HOW TO COMPLETE THIS TASK —
Each record should appear again in the response exactly as it does in the original.

RECORDS FOR THIS TASK —

◆ ◆ ◆ ◆

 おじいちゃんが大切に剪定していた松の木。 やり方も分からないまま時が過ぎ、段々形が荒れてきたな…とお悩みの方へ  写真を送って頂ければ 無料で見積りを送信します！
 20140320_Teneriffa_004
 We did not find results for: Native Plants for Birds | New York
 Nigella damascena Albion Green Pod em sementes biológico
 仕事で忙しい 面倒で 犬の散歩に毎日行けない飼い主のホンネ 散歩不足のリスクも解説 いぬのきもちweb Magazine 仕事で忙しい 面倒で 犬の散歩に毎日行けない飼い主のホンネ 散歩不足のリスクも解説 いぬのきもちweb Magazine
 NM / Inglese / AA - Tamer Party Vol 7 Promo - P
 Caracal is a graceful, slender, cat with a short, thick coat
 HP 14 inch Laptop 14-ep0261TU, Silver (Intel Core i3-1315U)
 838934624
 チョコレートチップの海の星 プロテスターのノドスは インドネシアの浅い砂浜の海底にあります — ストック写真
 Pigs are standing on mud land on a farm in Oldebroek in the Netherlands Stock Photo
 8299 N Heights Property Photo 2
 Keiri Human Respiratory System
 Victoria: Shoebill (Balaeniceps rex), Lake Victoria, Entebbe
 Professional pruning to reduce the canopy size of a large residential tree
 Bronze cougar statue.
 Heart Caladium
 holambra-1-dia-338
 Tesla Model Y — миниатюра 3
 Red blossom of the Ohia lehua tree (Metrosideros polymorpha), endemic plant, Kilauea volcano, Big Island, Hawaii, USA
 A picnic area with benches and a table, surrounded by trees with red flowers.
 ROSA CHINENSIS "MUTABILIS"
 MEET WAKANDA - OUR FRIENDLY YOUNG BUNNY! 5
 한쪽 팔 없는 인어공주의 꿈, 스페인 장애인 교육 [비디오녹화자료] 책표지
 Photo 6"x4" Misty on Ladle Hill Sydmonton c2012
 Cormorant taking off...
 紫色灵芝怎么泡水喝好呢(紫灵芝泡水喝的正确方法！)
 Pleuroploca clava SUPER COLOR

◆ ◆ ◆ ◆

PROBLEM SOLUTION —
 おじいちゃんが大切に剪定していた松の木。 やり方も分からないまま時が過ぎ、段々形が荒れてきたな…とお悩みの方へ  写真を送って頂ければ 無料で見積りを送信します！
 20140320_Teneriffa_004
 We did not find results for: Native Plants for Birds | New York
 Nigella damascena Albion Green Pod em sementes biológico
 仕事で忙しい 面倒で 犬の散歩に毎日行けない飼い主のホンネ 散歩不足のリスクも解説 いぬのきもちweb Magazine 仕事で忙しい 面倒で 犬の散歩に毎日行けない飼い主のホンネ 散歩不足のリスクも解説 いぬのきもちweb Magazine
 NM / Inglese / AA - Tamer Party Vol 7 Promo - P
 Caracal is a graceful, slender, cat with a short, thick coat
 HP 14 inch Laptop 14-ep0261TU, Silver (Intel Core i3-1315U)
 838934624
 チョコレートチップの海の星 プロテスターのノドスは インドネシアの浅い砂浜の海底にあります — ストック写真
 Pigs are standing on mud land on a farm in Oldebroek in the Netherlands Stock Photo
 8299 N Heights Property Photo 2
 Keiri Human Respiratory System
 Victoria: Shoebill (Balaeniceps rex), Lake Victoria, Entebbe
 Professional pruning to reduce the canopy size of a large residential tree
 Bronze cougar statue.
 Heart Caladium
 holambra-1-dia-338
 Tesla Model Y — миниатюра 3
 Red blossom of the Ohia lehua tree (Metrosideros polymorpha), endemic plant, Kilauea volcano, Big Island, Hawaii, USA
 A picnic area with benches and a table, surrounded by trees with red flowers.
 ROSA CHINENSIS "MUTABILIS"
 MEET WAKANDA - OUR FRIENDLY YOUNG BUNNY! 5
 한쪽 팔 없는 인어공주의 꿈, 스페인 장애인 교육 [비디오녹화자료] 책표지
 Photo 6"x4" Misty on Ladle Hill Sydmonton c2012
 Cormorant taking off...
 紫色灵芝怎么泡水喝好呢(紫灵芝泡水喝的正确方法！)
 Pleuroploca clava SUPER COLOR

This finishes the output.